Denver Chalk Art Festival
The Denver Chalk Art festival returns to Larimer Square June 1st and 2nd. For the last 17 years, the annual event has flooded the streets with extravagant murals worthy of any gallery. This massive undertaking involves more than 200 artists of all ages and backgrounds. It has become a family favorite, and gives audiences a chance to see spectacular drawings, meet artists, and enjoy live music. Best of all, it’s free to the public.
The participating artists come from all skill levels. While some are professionals, the majority are not. Awards are given for best in show, best use of color, best 3D art, people’s choice, artist’s choice, most whimsical, and best reproduction of a master’s work. One of the greatest parts of this festival is that it has a separate set of awards for youth entries. I can’t think of a more awesome way to get young artists involved in art and interested in developing their skills.
The artists begin their chalky marathon at 10 a.m. Saturday, picking their spots and starting the outlines of their drawings. Music starts at 12:30 with Jackson Harkness Trio, followed by Boot Gun, Sol Burial, Kid Wilderness, and Zen Mustache. Sunday starts again at 10 a.m. with artists filling in their works, mixing chalk to get their ideal colors, and trying to finish before the deadline. Switch Ghost hits the stage first at 12:30, followed by Monk Gyatso. At 5:00 the esteemed panel of judges will announce this year’s awards. After the award ceremony, Latin Sol takes the stage to serenade audiences while they enjoy the finished work.

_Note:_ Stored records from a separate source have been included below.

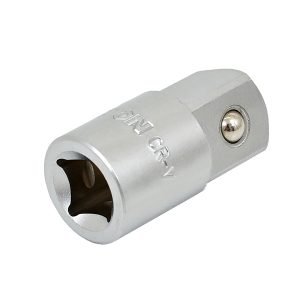 Accesorio de 1/2" Adaptador 1/2"H a 3/4"M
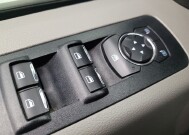 2017 Ford F150 in Madison, TN 37115 - 18148864 27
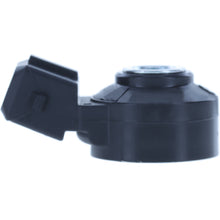 Load image into Gallery viewer, 1KS1398 Ignition Knock (Detonation) Sensor BFNG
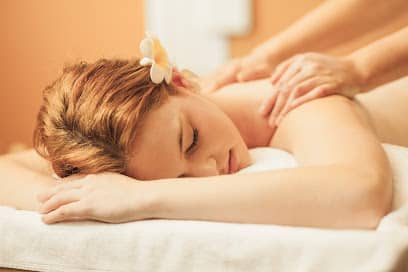 PURE JOY Massage and Wellness - Massage spa in Cape Coral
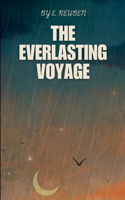 The Everlasting Voyage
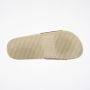 PAPUCE ZAXY SNAP SLIDE GLITTER FEM W - 82440-90287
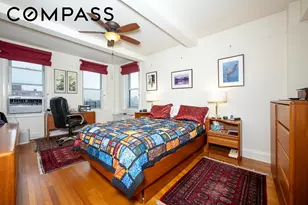 12 W 96th St, New York City, NY 10025 - Photo 8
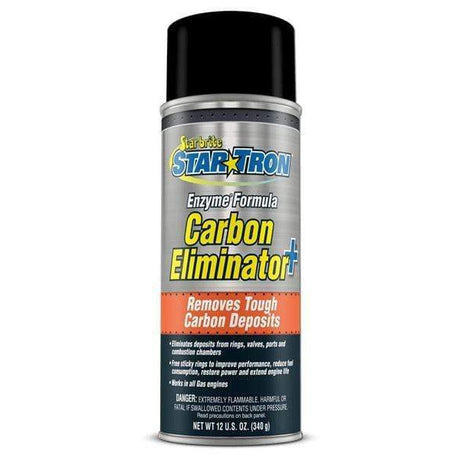 Star Brite Qualifies for Free Shipping Star Brite Star Tron Carbon Eliminator 12 oz #095712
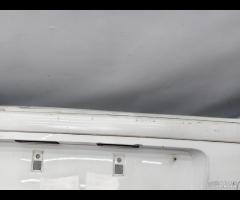 PARAURTI POSTERIORE ORIGINALE E87 E81 2006-2011 51 - 16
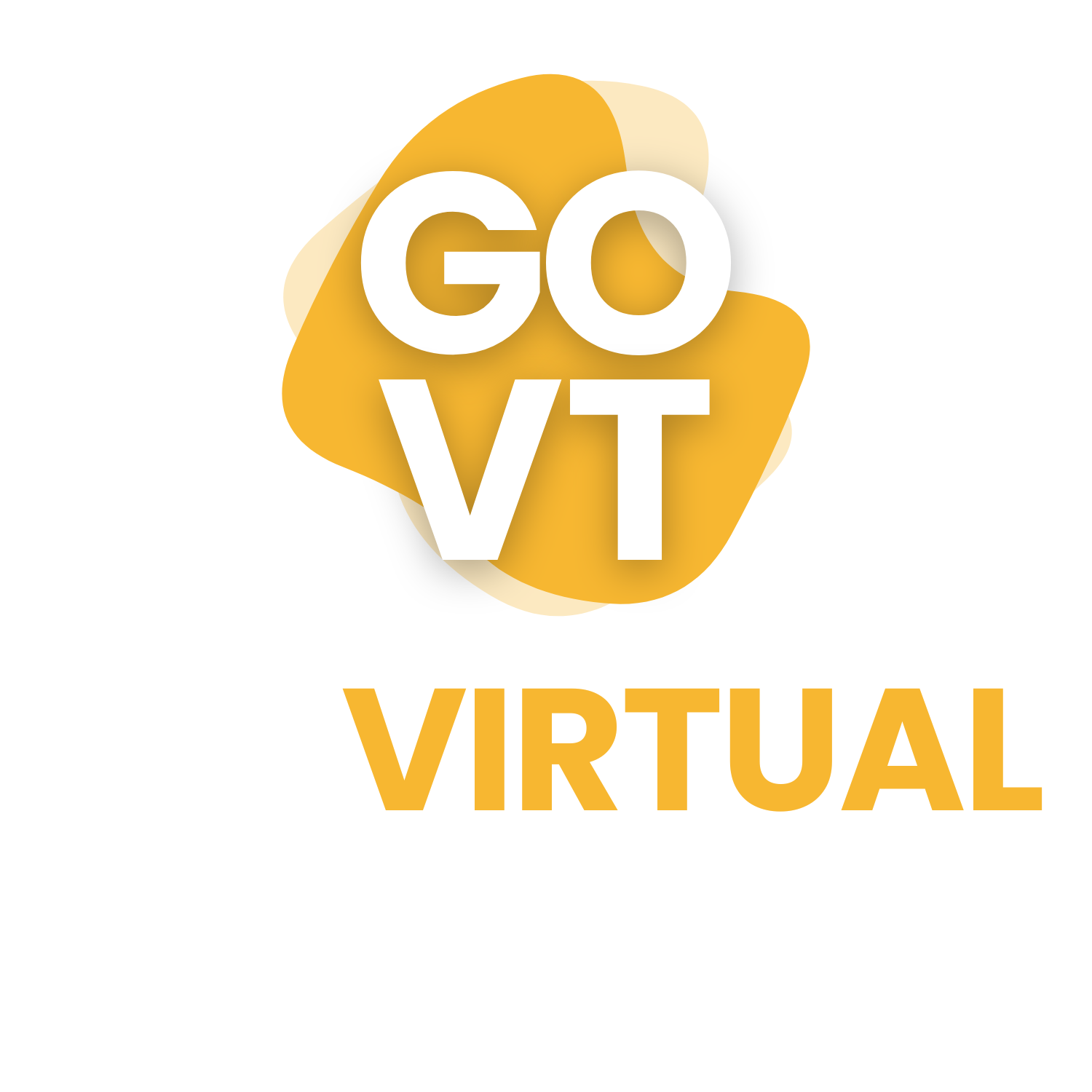 GO Virtual Tours: Your Trusted Matterport Service Provider!  Welcome to GO Virtual Tours, your premier destination for Matterport's cutting-edge 3D technology. As a trusted Matterport Service Provider, we specialise in crafting immersive, high-definition virtual experiences that bring spaces to life. Whether it's real estate, commercial properties, or showcasing venues, our expertise in Matterport's advanced technology ensures captivating visual narratives for your audience.  Explore spaces like never before! Trust our proficiency as a Matterport Service Provider to transform properties and businesses into engaging, interactive virtual tours. Contact us today and embark on an immersive journey with GO Virtual Tours!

After seeing the artists work so hard, it can be difficult to accept the temporary aspect of the festival. The drawings are always magnificent. Everywhere you look there are depictions of legendary pop culture icons, fantasy creatures, and reproductions of classic masterpieces. It seems like a shame for them to be washed away by the next rainstorm. The artists, however, have a different perspective. The final product isn’t the goal. The purpose of chalk art is in the process, and the beauty of creating the piece—however short-lived it may be.